Searching for final monologues: 2

Play: Past curfew
Character: Kirstie
Author: Arthur M. Jolly
She's there, with her parents, and there's this guy standing next to them, watching the tigers. And the Tigers aren't moving. They're like a rug, so this guy takes his cigarette, and he flicks it at them. Lit cigarette, bounces off the momma tiger - and she like shrugs, gets up and walks away. The cigarette lands in this -- Like a clump of dried grass, which catches fire. There's a little fire, burning inside the tiger pit. And the baby tiger comes over. And he's never seen fire before. Completely fascinated. He pats at it, and swipes at it. Like a cat playing. Mom says their paws must be real thick, because he keeps batting, and playing with this burning grass. And her mom runs off to find a zoo keeper and get the cigarette guy in trouble or whatever, and my mom just watches the baby tiger trying to claw the burning grass. And finally he pounces, and tries to bite the flames. And that's when he gets burned. He leaps straight up in the air, yowling and screaming.... and goes off running to his mother. My mom loves that story, because he goes running back to his momma. That's like her go-to "I told you so" story...
It's stupid - the whole thing. The tiger should've jumped in the moat. There was water right there. He ran the wrong way. All this time, my mom missed the whole point of the story. What's your mom gonna do if your on fire? Just get in the water.

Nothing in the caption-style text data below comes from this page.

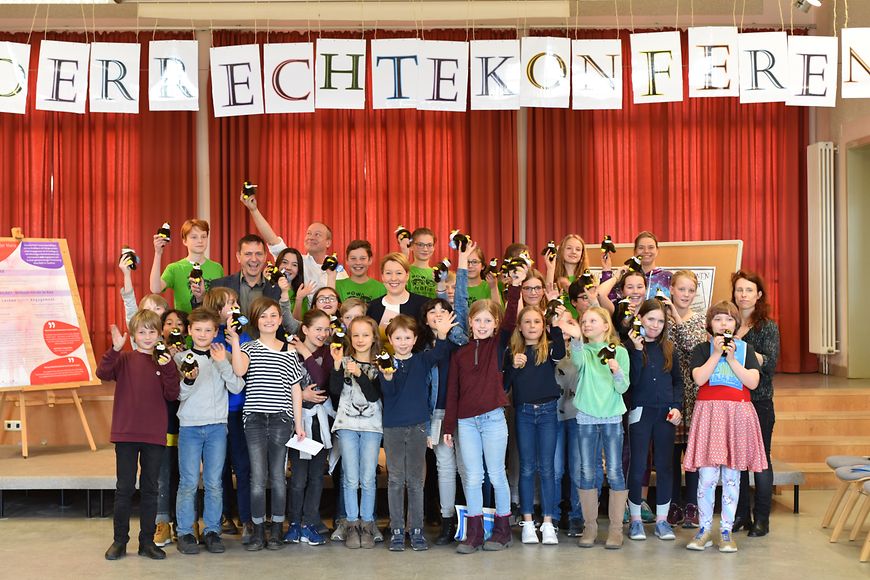 Das Bild zeigt Dr. Franziska Giffey mit Kindern für ein Gruppenbild posierend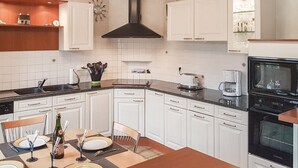 Een moderne keuken met witte kasten, een zwart fornuis en een eethoek met een houten tafel gedekt voor vier personen.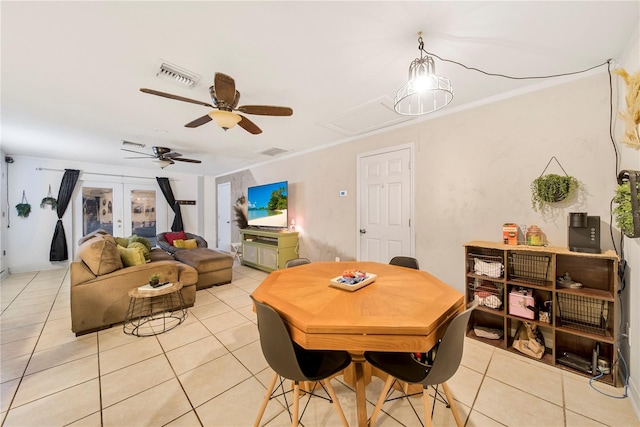 dining area with french doors, ceiling fan, ornamental molding, and light tile patterned floors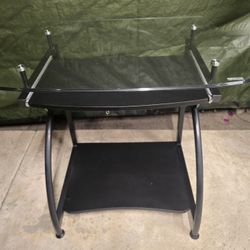Computer desk with tempered glass top.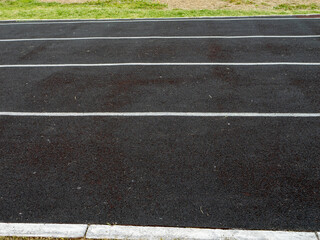 A black and white photo of a track with white lines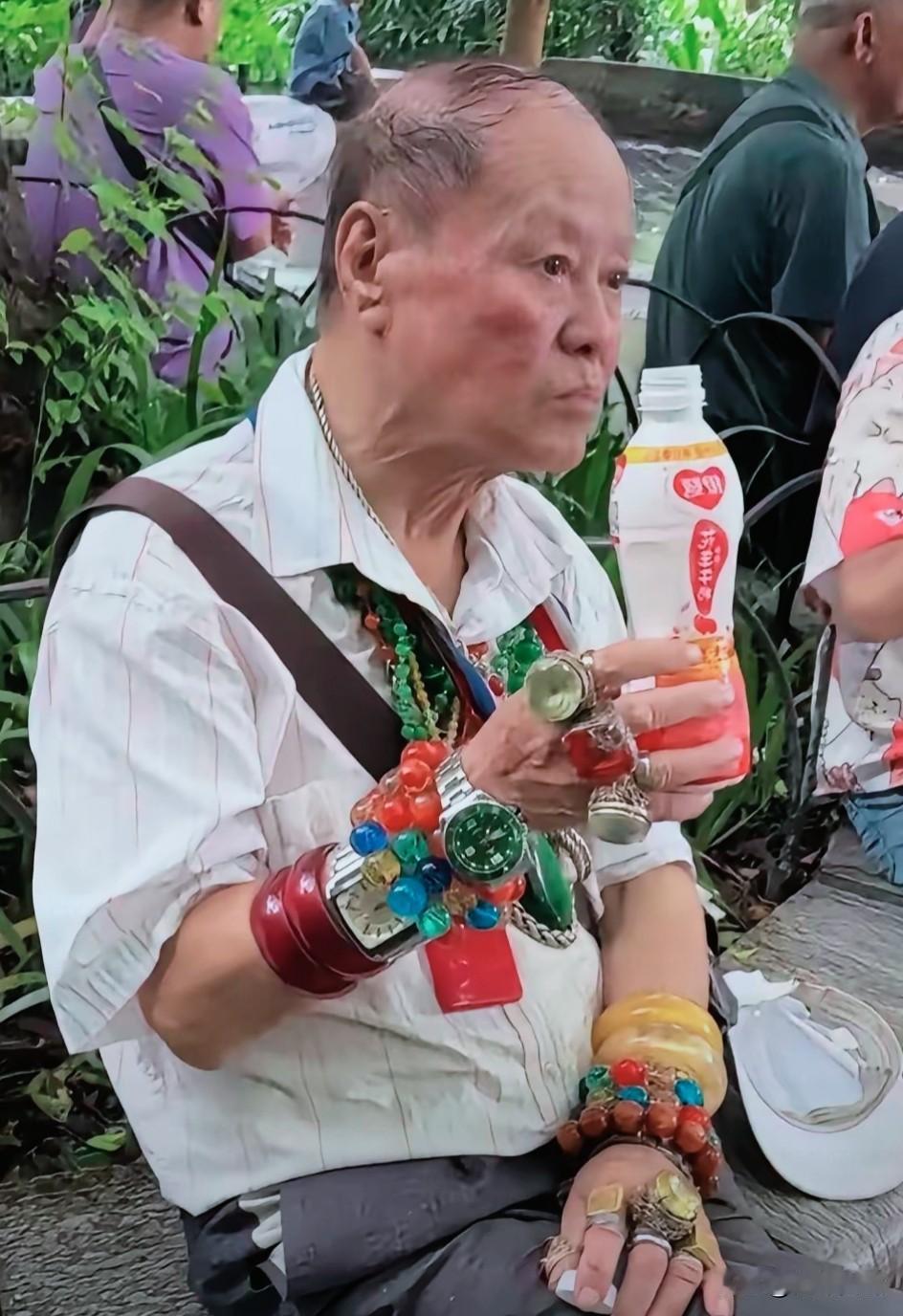 像极了资深老炮儿。
不过，除了他手里的那瓶饮料看看像真的，手臂上戴的、脖子上挂的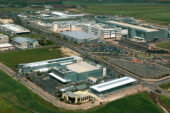 This image shows an overhead shot of a large semiconductor plant located in a rural area.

I really like this monologue and enjoyed reading it because I felt like I could relate to it. It was very simple but mysterious, it quirky but I would really consider using this as one of my contemporary speech monologues. To me it is a fascinating speech and draws the listener in. It also fits me as it sounds like a teenage girl is reading it, I love how it goes from one end of the scale dramatically back to the other so quickly. I like the change in pace and i like that we don't know what type of speech this is, it is sort of witty but also quite dark and mysterious too. I will defiantly consider this monologue as one of mine and will come to a conclusion after more research. The cons with this monologue could be that it is quite short, it doesn't entail much and it has to be fast paced in my mind for it to work how it should. Also I would have to be confident to read this monologue, it seems to me that the person reading it should be a typical teenager, short cocky sentences, taking the mic out of little things (her mothers favourite story), etc. but I do like the element of confusion in this. It tells a story without being obvious and it is intriguing. When reading this speech aloud so much physicality can be used throughout the story telling, when she says "And finally, he pounces, and tries to bite the flames." The simple sentences like this throughout make it more interesting to me than other monologues I have researched.

Play: I Am A Camera
Character: Sally Bowles
Writer: John Van Druten

You know, Chris, in some ways now I wish I'd had that kid. The last day or two, I've been sort of feeling what it would be like to be a mother. Do you know, last night I sat here for a long time by myself, and held this teddy bear in my arms, and imagined it was my baby. I felt a most marvelous sort of shut-off feeling from the rest of the world. I imagined how it would grow up, and how after I'd put it to bed at nights, I'd go out and make love to filthy old men to get money to pay for it's clothes and food. No, I wouldn't think of myself at all- just it. It must be rather wonderful never to think of yourself, only of someone else. I suppose that's what people mean by religion. Do you think I could be a nun, Chris? I really rather think I could. All pale and pious, singing sort of faint and lovely hymns all day long. (beat) I feel as though I'd lost faith in men. Even you, Christopher, if you were to go out in the street now, and be run over by a taxi, I should be sorry in a way, of course, but I shouldn't really care a damn. Oh, I didn't mean that, of course, darling, at least, not personally. You mustn't mind what I say when I'm like this. I see now why people say operations like that are wrong. They are. You know, the whole business of having children is all wrong. It's a most wonderful thing, and it ought to come from something rare, and special, and sort of privileged, instead of just... that!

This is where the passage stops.